The company, established in England in 1898 started the production of motor vehicles only four years after, in 1902. The motors for the first Norton bikes were supplied from France and Switzerland.
The name of the brand, Norton, became famous after the motorcycle racer Rem Fowler took a victory in competitions on the company’s motorcycle. This gave rise to the sporting future of the brand, along with all the future wins (Norton motorcycles won the most prestigious races more than ten times).
Unfortunately, winning the competition did not bring sufficient dividends, the financial state of the company was not stable, the corporation could not operate fully, and the demand for the products fell. As a result, in 1953, the company was bought by Associated Motorcycles (or simply AMC).

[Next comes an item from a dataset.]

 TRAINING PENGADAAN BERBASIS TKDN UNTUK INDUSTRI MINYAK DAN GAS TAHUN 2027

In 2008 the legendary brand was revived and introduced its sample vehicles in the same year, in Austria. The motorcycles were officially presented at the Bike-Austria motorcycle exhibition in Tulln a der Donau.

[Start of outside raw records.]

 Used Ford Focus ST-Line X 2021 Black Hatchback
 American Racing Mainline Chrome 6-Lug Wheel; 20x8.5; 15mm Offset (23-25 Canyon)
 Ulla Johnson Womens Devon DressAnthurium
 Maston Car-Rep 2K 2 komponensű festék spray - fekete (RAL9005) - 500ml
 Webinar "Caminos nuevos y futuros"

Today the revived Norton produces beautiful and exclusive machines, and all production facilities of the brand are located in its historical homeland, in England. All the vehicles are handmade, which does not allow to release of bikes in large quantities, though exclusiveness raises the value of the Norton motorcycles. The bikes are known for their classic design and use of the best manufacturers’ details, such as Brembo brakes and Ohlins shock absorbers.
1902 – 1913
1913 – 1921
1921 – 1932
1932 – 1961
1961 – 1972
1972 – 2006
2006 – 2010
2010 – 2020
2020 – now
The visual identity of Norton hasn’t changed much since the introduction of its first logo version. It is still the same monochrome logotype executed in a custom typeface, just with cleaned and emboldened lines and contours, which look modern and sleek today.
The most interesting thing about the logo of the British motorcycle manufacturer is a bold and sharp horn, placed in the left from the first letter of the inscription, and the elongated tail of the same letter, coming above the whole wordmark and curving under the last “N”.
Font and Color
The Norton logotype is executed in a custom typeface with the letters having its lines bold and smooth. The elongated lines and slightly curved edges make the lettering look playful and fancy, creating a unique character of the brand and making the logo memorable and recognizable.
The closest font to the one from the Norton visual identity is probably Absinette, but with its lines and contours modified.
As for the color palette, Norton drawn its logo in black and usually placed it on a white background. The timeless combination makes it look elegant and powerful at the same time.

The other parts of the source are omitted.